UPDATE 2011: On a third reading, I've finally come to love this novel in all of its ostentatious, fantastical, quirky bizarreness. Vita Sackville-West's son evidently thought it the most beautiful 'love letter' in the history of literature; Woolf's biting satire nevertheless shines through. Just stunning, and a particularly engaging, almost picaresque read for the uninitiated.

***

This is a book I'll have to come back to on my own one day. I remember trying to read it in high school, becoming both bored and frustrated, throwing it down and claiming I'd never understand Woolf's reputation. Freshman year of college, I did the same with Mrs. Dalloway. Last semester, I took a seminar on Woolf and she quickly became one of my favorite authors of all time. Mrs. D, To the Lighthouse, Jacob's Room, Voyage Out...all among my favorites now.

Likewise, I loved Orlando, but it's mid-semester, my final semester in undergrad, and I'm so busy and anxious I barely have time to inhale (exhaling is tough, too). The one issue I've ever had with being an English major is that often I have to sprint through books without having the luxury of reveling in the language or dreaming of the characters. It's always "gotta get through this much today before reading these other three books before writing my thesis before blahblahblah." And so I know when I come back to Orlando sometime, it'll hit me the way it tried at a few moments this time around.

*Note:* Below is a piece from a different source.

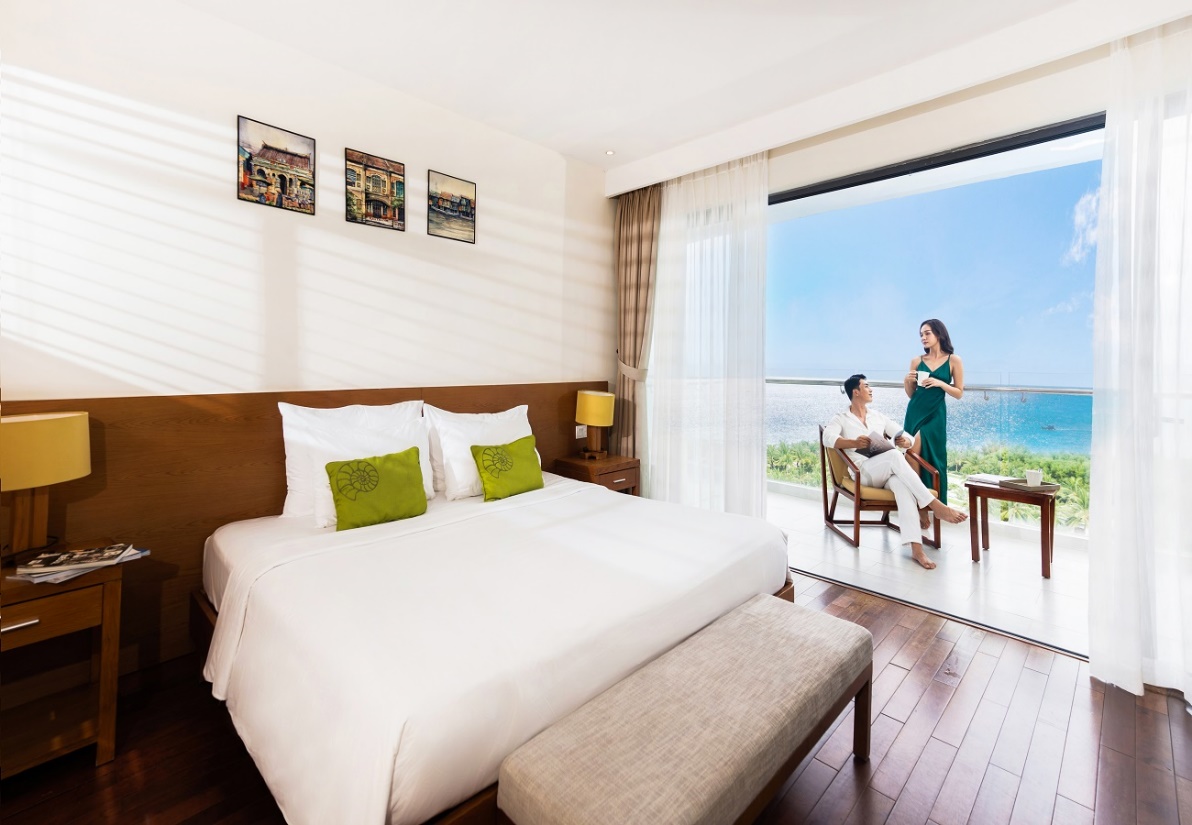 Căn ph&ograve;ng Deluxe view biển tại Cam Ranh Riviera sẽ l&agrave; nơi thăng hoa cảm x&uacute;c cho t&igrave;nh y&ecirc;u đ&ocirc;i lứa.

Nonetheless, I love Woolf's toying with language here, and despite preconceptions of her as humorless and bleak, Orlando is an incredibly funny book. I laughed at loud more times than I can count, often irritating the people around me in the coffeeshop. I'd argue much of her work on sex and gender here is really post-modern/queer--it's something worth exploring on my next reading. Obviously, the sex change isn't the central thing to the novel, but the way in which Woolf deals with it and with sexual desire in the text is so fascinatingly radical, as much as she would likely have denied as much. Very interesting to read this just after finishing Radclyffe Hall's "Well of Loneliness" and thinking about the politics of representation and subversion--Hall hopes to pander to the mainstream, to claim that she 'can't help' portraying *inverts* as they are...Woolf, on the other hand, finds the fringes of existence sumptuous in Orlando, and she luxuriates in this strangely liminal position. Her 'revolution' of the biography, too, plays on some interesting narrative tropes of acceptability and the role of the 'objective' document. All in all, stacks up against the best of her work. Incredible, and perfect for Woolf fans or those interested in LGBTIQ(QQQQRSTUV) issues.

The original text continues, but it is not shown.